Both of these people have had a really hard year without their dh's, we're in regular contact with them. Is it best to send a similar sort of card to last year or does that convey the message that you're not expecting them to enjoy Christmas? I've got some lovely fun cards which would be just the thing for my friend's children but I wonder if they're somehow too "jolly" given the circumstances. Would appreciate some advice!
My DH died a few weeks after Christmas so by the time the next one came round no-one thoight anything of it and sent the usual ho-ho-ho variety of card as if nothing had happened and I really didnt want to celebrate Christmas
I did see some cards specifically for bereaved people in a card shop but they didnt sit well with me either. A few years ago I bought a card that said 'thinking of you at Christmas' for a bereaved friend and thought this a happy medium.
It aknowledged they were now alone and their loved one was thought of but not as maudlin as the recent cards I had seen
The type of card you send depends very much on the recipient.

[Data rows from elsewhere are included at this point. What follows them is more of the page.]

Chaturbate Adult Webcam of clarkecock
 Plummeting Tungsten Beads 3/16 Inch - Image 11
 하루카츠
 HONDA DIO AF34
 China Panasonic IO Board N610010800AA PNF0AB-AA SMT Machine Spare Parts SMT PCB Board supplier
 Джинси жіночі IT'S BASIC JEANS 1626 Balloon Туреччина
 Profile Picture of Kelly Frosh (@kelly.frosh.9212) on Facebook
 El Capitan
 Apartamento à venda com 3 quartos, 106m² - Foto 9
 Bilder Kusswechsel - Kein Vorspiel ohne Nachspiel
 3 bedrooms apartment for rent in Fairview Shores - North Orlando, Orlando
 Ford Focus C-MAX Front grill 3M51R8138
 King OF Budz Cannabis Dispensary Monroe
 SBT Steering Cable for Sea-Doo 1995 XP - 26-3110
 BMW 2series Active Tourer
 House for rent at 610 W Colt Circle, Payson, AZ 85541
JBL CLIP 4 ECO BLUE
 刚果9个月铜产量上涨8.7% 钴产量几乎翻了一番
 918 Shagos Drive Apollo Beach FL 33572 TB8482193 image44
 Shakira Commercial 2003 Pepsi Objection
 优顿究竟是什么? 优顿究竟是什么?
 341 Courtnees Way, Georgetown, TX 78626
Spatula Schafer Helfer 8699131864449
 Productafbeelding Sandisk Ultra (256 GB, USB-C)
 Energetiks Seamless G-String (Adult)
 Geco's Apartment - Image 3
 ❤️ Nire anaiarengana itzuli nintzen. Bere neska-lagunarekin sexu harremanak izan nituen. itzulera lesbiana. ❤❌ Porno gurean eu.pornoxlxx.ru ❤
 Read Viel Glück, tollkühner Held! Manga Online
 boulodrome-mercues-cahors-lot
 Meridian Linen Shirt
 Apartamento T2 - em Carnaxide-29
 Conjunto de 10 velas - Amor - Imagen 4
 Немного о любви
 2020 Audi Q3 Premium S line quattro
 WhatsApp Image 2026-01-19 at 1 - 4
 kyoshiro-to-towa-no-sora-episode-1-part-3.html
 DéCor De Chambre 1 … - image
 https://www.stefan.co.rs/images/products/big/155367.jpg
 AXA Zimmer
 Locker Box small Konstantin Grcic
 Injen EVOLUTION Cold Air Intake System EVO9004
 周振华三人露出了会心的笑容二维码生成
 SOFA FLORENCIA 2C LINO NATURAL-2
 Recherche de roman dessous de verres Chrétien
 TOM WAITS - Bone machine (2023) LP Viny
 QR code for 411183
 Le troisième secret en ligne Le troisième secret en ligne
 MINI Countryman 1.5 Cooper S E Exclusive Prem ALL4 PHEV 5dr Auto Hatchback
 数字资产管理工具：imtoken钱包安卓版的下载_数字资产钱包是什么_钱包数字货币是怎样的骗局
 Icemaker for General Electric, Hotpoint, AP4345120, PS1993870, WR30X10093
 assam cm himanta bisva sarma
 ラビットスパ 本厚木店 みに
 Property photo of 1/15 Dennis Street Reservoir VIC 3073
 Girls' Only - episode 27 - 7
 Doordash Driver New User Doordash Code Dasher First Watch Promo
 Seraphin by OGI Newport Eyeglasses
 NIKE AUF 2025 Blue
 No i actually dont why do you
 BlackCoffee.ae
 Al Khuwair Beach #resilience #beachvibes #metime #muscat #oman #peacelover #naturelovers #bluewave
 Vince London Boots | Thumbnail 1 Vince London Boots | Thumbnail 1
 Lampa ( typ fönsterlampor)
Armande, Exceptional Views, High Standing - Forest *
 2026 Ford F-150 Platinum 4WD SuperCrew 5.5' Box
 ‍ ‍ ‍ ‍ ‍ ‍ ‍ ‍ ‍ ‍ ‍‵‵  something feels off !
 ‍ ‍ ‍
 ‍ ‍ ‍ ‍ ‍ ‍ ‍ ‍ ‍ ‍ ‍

My Mum died six weeks before Christmas one year, and Dad earlier that year. I was also dealing with a divorce, and was having to clear their house and sell it. It never occurred to me what sort of picture was on the front of the Christmas cards, or what was printed inside. What really mattered was that people sent them, often with a 'Thinking of you' or 'Enjoy Christmas as best you can' written inside. There were even cards from people at my parents church, who knew I would be at their house over Christmas. I desperately wanted there to be something to lift my spirits even a little.
Send what you think they'll like, and still include 'Thinking of you at Christmas' written in the card or note with it.
I had this problem - ex's aunt died inbetween christmas and new year, and we broke up the next year, but i sent his uncle a card saying thinking about you and hope you can spend lots of tiem with the family over christmas.
it is hard to think what to say, because you really do want them to havea happy christmas, but you don't want them to think you've forgotten.